Every line of the material below needs to be copied exactly; omit the pictures.

--- SOURCE DATA ---

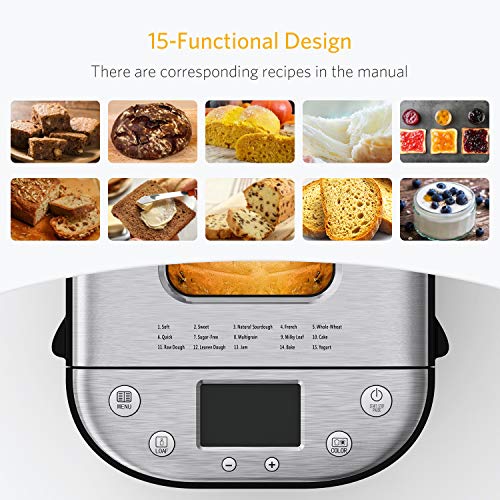Homever Bread Maker [2018 Upgraded] - Automatic 2LB Bread Machine with Sugar Free Setting, Fully Stainless Stee Bread Maker (15 Programs, 3 Sizes & 3 Colors, 15 Hours Delay Timer, 1 Hour Keep Warm) - Thumbnail 2
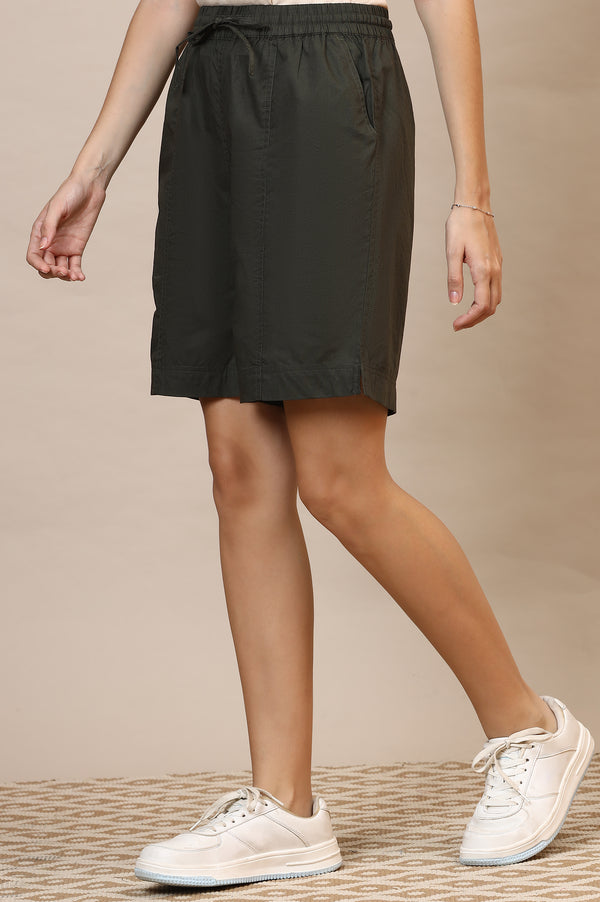 Forest Green Pure Cotton Lounge Shorts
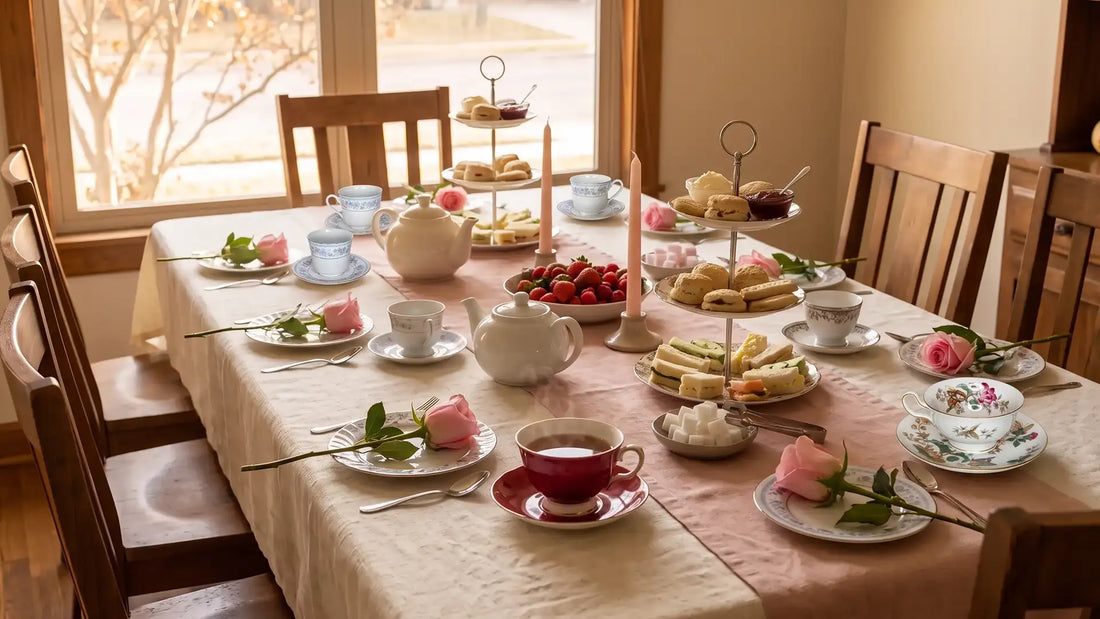 Pink tea party ideas for October: a table set with blush napkins and 1 flower at each place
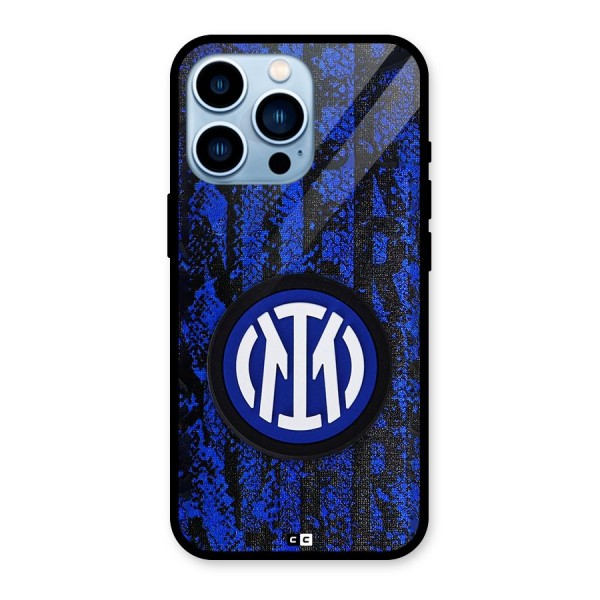 Inter Milan Texture Glass Back Case for iPhone 13 Pro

---

# RESPONSE TO THIS TASK:
Homever Bread Maker [2018 Upgraded] - Automatic 2LB Bread Machine with Sugar Free Setting, Fully Stainless Stee Bread Maker (15 Programs, 3 Sizes & 3 Colors, 15 Hours Delay Timer, 1 Hour Keep Warm) - Thumbnail 2
 Forest Green Pure Cotton Lounge Shorts
 Pink tea party ideas for October: a table set with blush napkins and 1 flower at each place
 Inter Milan Texture Glass Back Case for iPhone 13 Pro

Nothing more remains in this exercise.